**TASK DETAILS**
Each entry should be written out once more, exactly as given below.

**AVAILABLE RECORDS**
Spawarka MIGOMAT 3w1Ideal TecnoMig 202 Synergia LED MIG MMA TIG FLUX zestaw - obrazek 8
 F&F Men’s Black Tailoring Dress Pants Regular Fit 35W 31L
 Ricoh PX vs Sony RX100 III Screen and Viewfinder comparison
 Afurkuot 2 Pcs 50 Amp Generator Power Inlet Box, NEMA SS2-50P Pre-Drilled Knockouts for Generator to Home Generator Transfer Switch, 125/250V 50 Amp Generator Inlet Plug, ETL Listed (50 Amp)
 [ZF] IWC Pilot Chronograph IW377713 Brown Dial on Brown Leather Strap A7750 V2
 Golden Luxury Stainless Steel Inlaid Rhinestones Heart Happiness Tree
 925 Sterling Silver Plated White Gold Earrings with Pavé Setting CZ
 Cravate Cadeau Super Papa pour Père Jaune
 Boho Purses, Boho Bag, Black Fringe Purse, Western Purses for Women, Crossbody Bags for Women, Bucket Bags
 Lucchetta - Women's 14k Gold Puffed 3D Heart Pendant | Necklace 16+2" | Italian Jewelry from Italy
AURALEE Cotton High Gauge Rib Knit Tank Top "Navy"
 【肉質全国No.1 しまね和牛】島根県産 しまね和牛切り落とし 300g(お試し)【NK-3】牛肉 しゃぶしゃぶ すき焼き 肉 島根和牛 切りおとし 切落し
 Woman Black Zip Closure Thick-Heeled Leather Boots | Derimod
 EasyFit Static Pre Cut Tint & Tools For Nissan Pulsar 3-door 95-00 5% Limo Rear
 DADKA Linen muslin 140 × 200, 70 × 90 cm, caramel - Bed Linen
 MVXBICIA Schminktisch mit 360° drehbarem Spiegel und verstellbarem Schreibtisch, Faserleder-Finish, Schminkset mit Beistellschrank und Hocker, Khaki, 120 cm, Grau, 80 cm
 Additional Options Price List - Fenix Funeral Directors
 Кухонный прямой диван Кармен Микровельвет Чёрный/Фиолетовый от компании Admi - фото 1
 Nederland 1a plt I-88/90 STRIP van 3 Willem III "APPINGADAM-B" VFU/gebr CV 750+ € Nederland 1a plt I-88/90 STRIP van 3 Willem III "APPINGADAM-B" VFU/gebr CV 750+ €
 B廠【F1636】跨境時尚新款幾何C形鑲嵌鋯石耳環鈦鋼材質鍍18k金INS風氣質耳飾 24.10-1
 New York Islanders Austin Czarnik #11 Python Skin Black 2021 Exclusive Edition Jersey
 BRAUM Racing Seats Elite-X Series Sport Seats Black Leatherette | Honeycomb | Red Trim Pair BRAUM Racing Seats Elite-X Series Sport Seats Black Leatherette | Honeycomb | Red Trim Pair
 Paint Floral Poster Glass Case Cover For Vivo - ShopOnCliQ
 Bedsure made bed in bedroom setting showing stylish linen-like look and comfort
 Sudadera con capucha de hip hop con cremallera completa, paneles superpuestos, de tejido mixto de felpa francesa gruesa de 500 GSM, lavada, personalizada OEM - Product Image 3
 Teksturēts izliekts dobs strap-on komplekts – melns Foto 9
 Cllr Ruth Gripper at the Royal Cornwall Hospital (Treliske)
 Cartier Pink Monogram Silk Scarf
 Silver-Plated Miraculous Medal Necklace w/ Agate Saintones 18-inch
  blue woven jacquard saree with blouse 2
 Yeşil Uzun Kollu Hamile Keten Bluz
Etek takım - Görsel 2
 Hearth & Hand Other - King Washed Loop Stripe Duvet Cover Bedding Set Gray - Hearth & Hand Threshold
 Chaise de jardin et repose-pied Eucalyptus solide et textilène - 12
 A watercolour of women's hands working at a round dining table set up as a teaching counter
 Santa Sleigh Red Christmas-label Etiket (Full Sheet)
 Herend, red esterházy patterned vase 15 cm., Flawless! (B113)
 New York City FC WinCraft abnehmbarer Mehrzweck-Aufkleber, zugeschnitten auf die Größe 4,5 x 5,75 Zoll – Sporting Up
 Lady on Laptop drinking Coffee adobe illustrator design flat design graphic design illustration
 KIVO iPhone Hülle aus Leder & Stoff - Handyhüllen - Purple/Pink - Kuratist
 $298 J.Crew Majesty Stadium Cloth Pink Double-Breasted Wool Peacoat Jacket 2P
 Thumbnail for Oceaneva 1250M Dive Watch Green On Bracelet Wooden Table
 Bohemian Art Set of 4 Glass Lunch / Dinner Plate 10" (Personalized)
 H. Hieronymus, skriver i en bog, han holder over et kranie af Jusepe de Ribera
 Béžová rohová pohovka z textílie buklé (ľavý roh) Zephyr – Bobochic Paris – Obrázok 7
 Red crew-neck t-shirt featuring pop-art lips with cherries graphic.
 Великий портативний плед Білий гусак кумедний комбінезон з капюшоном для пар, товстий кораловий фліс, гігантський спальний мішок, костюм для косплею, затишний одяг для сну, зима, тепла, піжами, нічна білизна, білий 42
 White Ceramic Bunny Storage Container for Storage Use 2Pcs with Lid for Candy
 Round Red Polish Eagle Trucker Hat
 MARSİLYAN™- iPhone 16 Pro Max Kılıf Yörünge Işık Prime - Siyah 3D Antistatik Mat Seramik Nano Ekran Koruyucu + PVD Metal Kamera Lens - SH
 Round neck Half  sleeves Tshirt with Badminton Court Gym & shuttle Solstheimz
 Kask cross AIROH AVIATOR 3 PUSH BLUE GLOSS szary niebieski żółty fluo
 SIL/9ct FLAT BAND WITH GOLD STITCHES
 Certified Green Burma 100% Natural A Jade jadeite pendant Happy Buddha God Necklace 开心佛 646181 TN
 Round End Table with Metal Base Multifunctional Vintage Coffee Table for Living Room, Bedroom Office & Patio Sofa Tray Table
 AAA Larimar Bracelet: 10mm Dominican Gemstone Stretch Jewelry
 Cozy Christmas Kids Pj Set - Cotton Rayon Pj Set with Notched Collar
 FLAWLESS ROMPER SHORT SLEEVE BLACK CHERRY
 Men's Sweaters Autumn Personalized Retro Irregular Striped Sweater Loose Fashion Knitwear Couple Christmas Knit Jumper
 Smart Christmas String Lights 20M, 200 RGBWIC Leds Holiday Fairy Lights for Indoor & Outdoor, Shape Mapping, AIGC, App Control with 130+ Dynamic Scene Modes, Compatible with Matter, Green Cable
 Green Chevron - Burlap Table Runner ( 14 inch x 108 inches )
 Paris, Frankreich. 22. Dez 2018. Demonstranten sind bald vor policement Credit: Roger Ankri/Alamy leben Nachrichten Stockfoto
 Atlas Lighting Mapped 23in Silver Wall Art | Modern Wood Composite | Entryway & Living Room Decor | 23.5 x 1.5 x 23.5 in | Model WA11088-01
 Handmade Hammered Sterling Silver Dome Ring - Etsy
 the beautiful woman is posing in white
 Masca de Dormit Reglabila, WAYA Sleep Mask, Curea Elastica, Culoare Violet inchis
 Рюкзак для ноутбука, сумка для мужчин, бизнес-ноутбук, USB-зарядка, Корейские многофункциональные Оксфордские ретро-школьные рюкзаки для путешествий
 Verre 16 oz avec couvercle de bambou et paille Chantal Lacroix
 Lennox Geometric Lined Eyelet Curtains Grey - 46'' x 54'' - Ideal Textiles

**SOLUTION TO THE EXERCISE**
Spawarka MIGOMAT 3w1Ideal TecnoMig 202 Synergia LED MIG MMA TIG FLUX zestaw - obrazek 8
 F&F Men’s Black Tailoring Dress Pants Regular Fit 35W 31L
 Ricoh PX vs Sony RX100 III Screen and Viewfinder comparison
 Afurkuot 2 Pcs 50 Amp Generator Power Inlet Box, NEMA SS2-50P Pre-Drilled Knockouts for Generator to Home Generator Transfer Switch, 125/250V 50 Amp Generator Inlet Plug, ETL Listed (50 Amp)
 [ZF] IWC Pilot Chronograph IW377713 Brown Dial on Brown Leather Strap A7750 V2
 Golden Luxury Stainless Steel Inlaid Rhinestones Heart Happiness Tree
 925 Sterling Silver Plated White Gold Earrings with Pavé Setting CZ
 Cravate Cadeau Super Papa pour Père Jaune
 Boho Purses, Boho Bag, Black Fringe Purse, Western Purses for Women, Crossbody Bags for Women, Bucket Bags
 Lucchetta - Women's 14k Gold Puffed 3D Heart Pendant | Necklace 16+2" | Italian Jewelry from Italy
AURALEE Cotton High Gauge Rib Knit Tank Top "Navy"
 【肉質全国No.1 しまね和牛】島根県産 しまね和牛切り落とし 300g(お試し)【NK-3】牛肉 しゃぶしゃぶ すき焼き 肉 島根和牛 切りおとし 切落し
 Woman Black Zip Closure Thick-Heeled Leather Boots | Derimod
 EasyFit Static Pre Cut Tint & Tools For Nissan Pulsar 3-door 95-00 5% Limo Rear
 DADKA Linen muslin 140 × 200, 70 × 90 cm, caramel - Bed Linen
 MVXBICIA Schminktisch mit 360° drehbarem Spiegel und verstellbarem Schreibtisch, Faserleder-Finish, Schminkset mit Beistellschrank und Hocker, Khaki, 120 cm, Grau, 80 cm
 Additional Options Price List - Fenix Funeral Directors
 Кухонный прямой диван Кармен Микровельвет Чёрный/Фиолетовый от компании Admi - фото 1
 Nederland 1a plt I-88/90 STRIP van 3 Willem III "APPINGADAM-B" VFU/gebr CV 750+ € Nederland 1a plt I-88/90 STRIP van 3 Willem III "APPINGADAM-B" VFU/gebr CV 750+ €
 B廠【F1636】跨境時尚新款幾何C形鑲嵌鋯石耳環鈦鋼材質鍍18k金INS風氣質耳飾 24.10-1
 New York Islanders Austin Czarnik #11 Python Skin Black 2021 Exclusive Edition Jersey
 BRAUM Racing Seats Elite-X Series Sport Seats Black Leatherette | Honeycomb | Red Trim Pair BRAUM Racing Seats Elite-X Series Sport Seats Black Leatherette | Honeycomb | Red Trim Pair
 Paint Floral Poster Glass Case Cover For Vivo - ShopOnCliQ
 Bedsure made bed in bedroom setting showing stylish linen-like look and comfort
 Sudadera con capucha de hip hop con cremallera completa, paneles superpuestos, de tejido mixto de felpa francesa gruesa de 500 GSM, lavada, personalizada OEM - Product Image 3
 Teksturēts izliekts dobs strap-on komplekts – melns Foto 9
 Cllr Ruth Gripper at the Royal Cornwall Hospital (Treliske)
 Cartier Pink Monogram Silk Scarf
 Silver-Plated Miraculous Medal Necklace w/ Agate Saintones 18-inch
  blue woven jacquard saree with blouse 2
 Yeşil Uzun Kollu Hamile Keten Bluz
Etek takım - Görsel 2
 Hearth & Hand Other - King Washed Loop Stripe Duvet Cover Bedding Set Gray - Hearth & Hand Threshold
 Chaise de jardin et repose-pied Eucalyptus solide et textilène - 12
 A watercolour of women's hands working at a round dining table set up as a teaching counter
 Santa Sleigh Red Christmas-label Etiket (Full Sheet)
 Herend, red esterházy patterned vase 15 cm., Flawless! (B113)
 New York City FC WinCraft abnehmbarer Mehrzweck-Aufkleber, zugeschnitten auf die Größe 4,5 x 5,75 Zoll – Sporting Up
 Lady on Laptop drinking Coffee adobe illustrator design flat design graphic design illustration
 KIVO iPhone Hülle aus Leder & Stoff - Handyhüllen - Purple/Pink - Kuratist
 $298 J.Crew Majesty Stadium Cloth Pink Double-Breasted Wool Peacoat Jacket 2P
 Thumbnail for Oceaneva 1250M Dive Watch Green On Bracelet Wooden Table
 Bohemian Art Set of 4 Glass Lunch / Dinner Plate 10" (Personalized)
 H. Hieronymus, skriver i en bog, han holder over et kranie af Jusepe de Ribera
 Béžová rohová pohovka z textílie buklé (ľavý roh) Zephyr – Bobochic Paris – Obrázok 7
 Red crew-neck t-shirt featuring pop-art lips with cherries graphic.
 Великий портативний плед Білий гусак кумедний комбінезон з капюшоном для пар, товстий кораловий фліс, гігантський спальний мішок, костюм для косплею, затишний одяг для сну, зима, тепла, піжами, нічна білизна, білий 42
 White Ceramic Bunny Storage Container for Storage Use 2Pcs with Lid for Candy
 Round Red Polish Eagle Trucker Hat
 MARSİLYAN™- iPhone 16 Pro Max Kılıf Yörünge Işık Prime - Siyah 3D Antistatik Mat Seramik Nano Ekran Koruyucu + PVD Metal Kamera Lens - SH
 Round neck Half  sleeves Tshirt with Badminton Court Gym & shuttle Solstheimz
 Kask cross AIROH AVIATOR 3 PUSH BLUE GLOSS szary niebieski żółty fluo
 SIL/9ct FLAT BAND WITH GOLD STITCHES
 Certified Green Burma 100% Natural A Jade jadeite pendant Happy Buddha God Necklace 开心佛 646181 TN
 Round End Table with Metal Base Multifunctional Vintage Coffee Table for Living Room, Bedroom Office & Patio Sofa Tray Table
 AAA Larimar Bracelet: 10mm Dominican Gemstone Stretch Jewelry
 Cozy Christmas Kids Pj Set - Cotton Rayon Pj Set with Notched Collar
 FLAWLESS ROMPER SHORT SLEEVE BLACK CHERRY
 Men's Sweaters Autumn Personalized Retro Irregular Striped Sweater Loose Fashion Knitwear Couple Christmas Knit Jumper
 Smart Christmas String Lights 20M, 200 RGBWIC Leds Holiday Fairy Lights for Indoor & Outdoor, Shape Mapping, AIGC, App Control with 130+ Dynamic Scene Modes, Compatible with Matter, Green Cable
 Green Chevron - Burlap Table Runner ( 14 inch x 108 inches )
 Paris, Frankreich. 22. Dez 2018. Demonstranten sind bald vor policement Credit: Roger Ankri/Alamy leben Nachrichten Stockfoto
 Atlas Lighting Mapped 23in Silver Wall Art | Modern Wood Composite | Entryway & Living Room Decor | 23.5 x 1.5 x 23.5 in | Model WA11088-01
 Handmade Hammered Sterling Silver Dome Ring - Etsy
 the beautiful woman is posing in white
 Masca de Dormit Reglabila, WAYA Sleep Mask, Curea Elastica, Culoare Violet inchis
 Рюкзак для ноутбука, сумка для мужчин, бизнес-ноутбук, USB-зарядка, Корейские многофункциональные Оксфордские ретро-школьные рюкзаки для путешествий
 Verre 16 oz avec couvercle de bambou et paille Chantal Lacroix
 Lennox Geometric Lined Eyelet Curtains Grey - 46'' x 54'' - Ideal Textiles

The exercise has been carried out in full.